• [ACTIVITY]: As soon as the line containing "Spiders 2022 Calendar" appears in the material below, start returning lines exactly, and end with the line containing "Kentucky Dogwear - Laisse".
::::::::
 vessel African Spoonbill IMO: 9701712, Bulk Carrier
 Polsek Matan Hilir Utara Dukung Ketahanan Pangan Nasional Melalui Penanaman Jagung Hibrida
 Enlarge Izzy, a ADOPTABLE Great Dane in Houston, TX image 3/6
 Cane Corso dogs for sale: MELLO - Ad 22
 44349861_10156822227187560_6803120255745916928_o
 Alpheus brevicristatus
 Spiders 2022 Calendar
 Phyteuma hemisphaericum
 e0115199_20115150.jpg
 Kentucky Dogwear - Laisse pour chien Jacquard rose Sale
::::::::
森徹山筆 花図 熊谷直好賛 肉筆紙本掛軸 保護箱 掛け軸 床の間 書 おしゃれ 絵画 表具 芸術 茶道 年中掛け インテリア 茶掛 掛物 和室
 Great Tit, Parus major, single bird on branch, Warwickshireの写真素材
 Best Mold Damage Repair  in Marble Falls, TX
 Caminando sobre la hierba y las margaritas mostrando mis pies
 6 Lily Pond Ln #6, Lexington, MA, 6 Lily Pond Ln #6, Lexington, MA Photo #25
::::::::
• [REPLY]:
 Spiders 2022 Calendar
 Phyteuma hemisphaericum
 e0115199_20115150.jpg
 Kentucky Dogwear - Laisse pour chien Jacquard rose Sale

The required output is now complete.